I have five lovely children, ages 3 to 16. They keep me on my toes, juggling activities, scheduling playdates, cooking dinner. And then there's the cleaning. My husband, Rob, and I have always made the kids responsible for keeping their bedrooms tidy, but somehow, over time, the rest of the house became my job. With five kids constantly adding to the disarray, I often felt as if I were losing the battle against chaos.
I needed help _ but I've always hated to nag. So instead, I tried to use positive reinforcement. I experimented with many different styles of chore charts, lists, and reward systems. I covered my refrigerator with colorful poster board, shiny magnets, and glitter pens. I signed on with websites that allow you to customize your child's task list each week, and I bought sparkly stickers to mark off a job well done. Unfortunately, none of these systems did the trick. They were time-consuming for me and not motivating enough for the kids.

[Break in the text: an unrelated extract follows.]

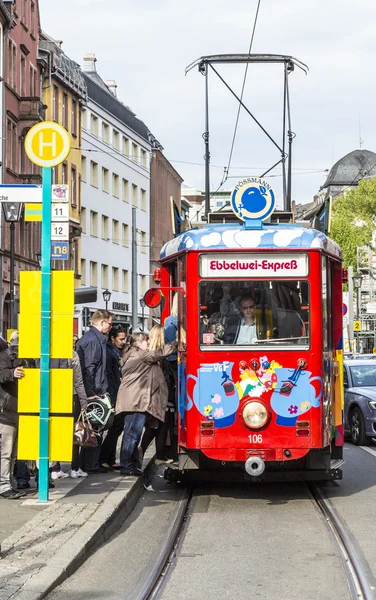 As pessoas gostam do passeio com o expresso Ebbelwei em Frankfurt , — Fotografia de Stock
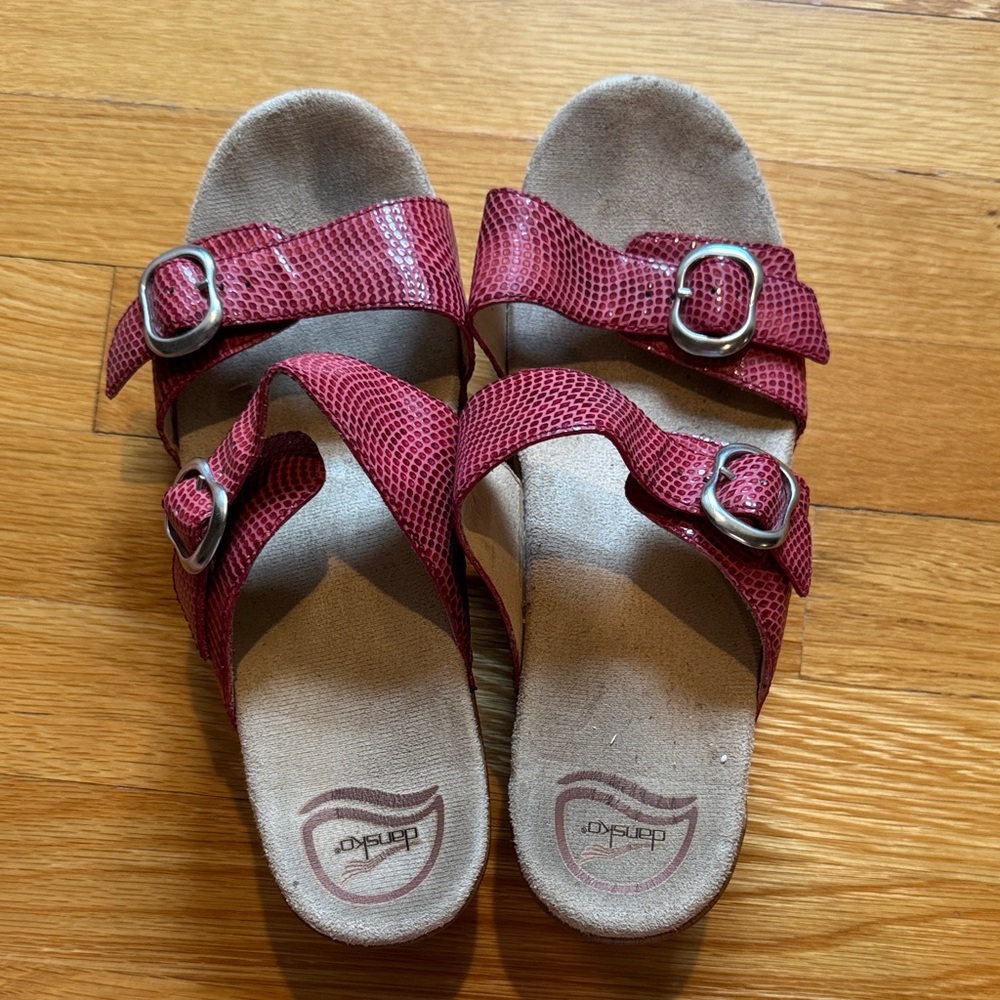 Dansko Red Textured Sandals with Buckles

Last year, I vowed to solve this problem once and for all. After thinking long and hard, I hit upon an approach that I thought could be a winner _ one that would give the kids more freedom to choose how they'd help around the house and that wouldn't require me to nag them about their chores. Putting my plan into practice would require only a quick trip to the craft store and a little creativity.

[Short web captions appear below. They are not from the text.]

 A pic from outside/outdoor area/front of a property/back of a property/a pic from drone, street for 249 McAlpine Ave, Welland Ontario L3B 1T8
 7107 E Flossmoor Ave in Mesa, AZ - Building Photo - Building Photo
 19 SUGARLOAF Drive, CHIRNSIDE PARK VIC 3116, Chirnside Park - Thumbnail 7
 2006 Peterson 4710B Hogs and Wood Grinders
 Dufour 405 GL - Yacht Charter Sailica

At the store, I bought a clear glass container for each of my kids, plus a large supply of swirly marbles for the boys and stylish glass gems for the girls. When I got home, I turned on some upbeat tunes, pulled out my craft supplies, and personalized the containers, embellishing them with beads, snazzy stickers, rhinestones, and names written in puffy glitter paint. When the jars were finished, I typed up a list of all our household chores as well as some personal tasks and assigned a value to each, from brushing teeth, which was worth one marble or gem, to unloading the dishwasher, worth three.
To unveil the new system, I called a family meeting. Showing the kids their reward jars, I was thrilled to see their eyes light up. I explained that these containers would stay in a row on the kitchen counter. Each time the kids completed tasks from the chore list, they could ask me, the keeper of the trinkets, for the specified number of marbles or gems to place in their jars.
A full jar entitled its owner to a reward: ten dollars, having a friend come for a sleepover (complete with popcorn and candy), or a special date with Mom or Dad for dinner or a movie. On the other hand, if one of the kids argued with a sibling, misbehaved, or did a chore in a careless fashion, the penalty would be to give back a gem or marble.
It's a simple system to be sure, but I'm pleased to report that it's been in place for a year and is still working incredibly well. Even now, my kids are practically knocking each other over to take out the garbage. Dropping marbles or gems into their jars gives them instant gratification, and they get excited about seeing their containers fill up. There are no lists of chores to cross off daily, and I don't have to follow up to see that every job was completed.
Thanks to the unending allure of the jars, almost all of the household duties get finished in a timely way. Most of the chores are up for grabs, but in a few cases, the kids gravitate toward certain tasks. For example, Kailey, my 10-year-old daughter, is the only one who will clean the cat's litter box. Siblings Taylor, age 16, Trever, 15, and Peyton, 12, simply find that job too gross, but Kailey is more than happy to earn several extra gems to pop into her jar.
Normally it takes about four weeks for each of my four older kids to fill a container. (Max, age 3, is working at his own pace!) I haven't found anyone trying to cheat the system by sneaking in trinkets that they haven't earned, but I have caught a rascal or two trying to remove marbles from a sibling's jar.
I've been known to award a few bonus trinkets to a child going out of his way to do a really good job. It's not uncommon for one of them to say, "I'm just doing that to help you Mom, so you don't have to give me a marble for that." This sort of thing melts my heart and makes me want to add an extra token or two to that kind soul's jar.
My husband loves the competition the jars inspire. In fact, he's often right in the middle of it, stirring it up. He'll try to place bets with me: "Five bucks says Peyton is the first one to notice the trash can is full." We have a lot of fun with it.
I'm still amazed each time I open the dishwasher in the morning to unload the clean dishes, only to find empty racks staring back at me, the handiwork of someone who has finished a job before I'm even around to bestow trinkets. I am so proud of my kiddos when they take the initiative to do chores on their own _ and so relieved that I don't have to repeatedly ask for help. At the end of the week or month, it's really a treat for me to hand over that cold cash or spend an evening out at the movies with one of my crew. It's also great for my children to have goals that they are always working toward.
All in all, my plan is working even better than I imagined it would. It turns out that those little jars of sparkly trinkets also hold a key to our home's happiness.